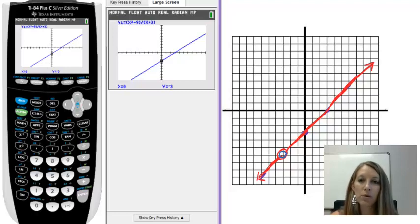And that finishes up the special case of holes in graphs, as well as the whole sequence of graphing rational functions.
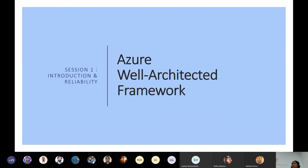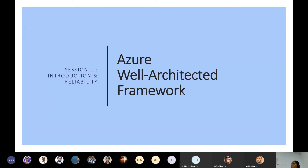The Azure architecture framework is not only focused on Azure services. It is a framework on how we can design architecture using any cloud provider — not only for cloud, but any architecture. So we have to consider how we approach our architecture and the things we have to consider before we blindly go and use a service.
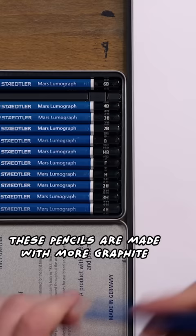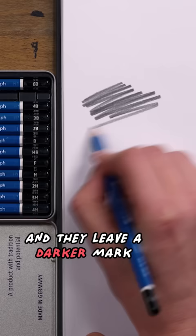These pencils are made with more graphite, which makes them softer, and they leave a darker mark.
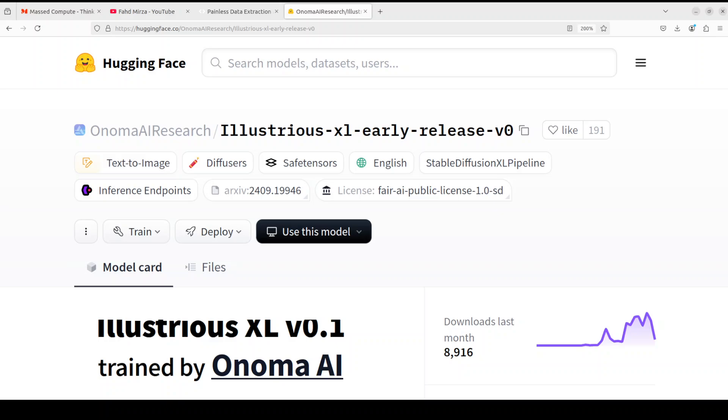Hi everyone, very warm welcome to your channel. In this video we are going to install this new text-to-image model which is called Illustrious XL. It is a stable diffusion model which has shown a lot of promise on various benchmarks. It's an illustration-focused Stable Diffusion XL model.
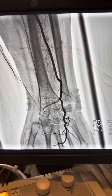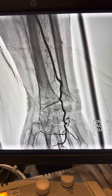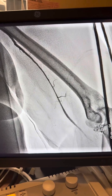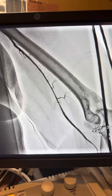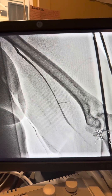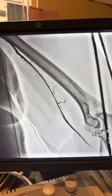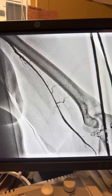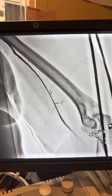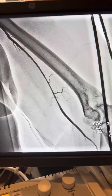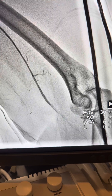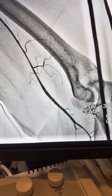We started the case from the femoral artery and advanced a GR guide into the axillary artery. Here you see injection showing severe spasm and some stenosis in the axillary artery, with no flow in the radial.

★ ★ ★ ★ ★

- **WHAT THIS TASK INVOLVES**: All records must be output exactly as they are, except for the pictures, which are left out.

- **ANSWER TO THIS PROBLEM**:
And that finishes up the special case of holes in graphs, as well as the whole sequence of graphing rational functions.
The Azure architecture framework is not only focused on Azure services. It is a framework on how we can design architecture using any cloud provider — not only for cloud, but any architecture. So we have to consider how we approach our architecture and the things we have to consider before we blindly go and use a service.
These pencils are made with more graphite, which makes them softer, and they leave a darker mark.
Hi everyone, very warm welcome to your channel. In this video we are going to install this new text-to-image model which is called Illustrious XL. It is a stable diffusion model which has shown a lot of promise on various benchmarks. It's an illustration-focused Stable Diffusion XL model.
We started the case from the femoral artery and advanced a GR guide into the axillary artery. Here you see injection showing severe spasm and some stenosis in the axillary artery, with no flow in the radial.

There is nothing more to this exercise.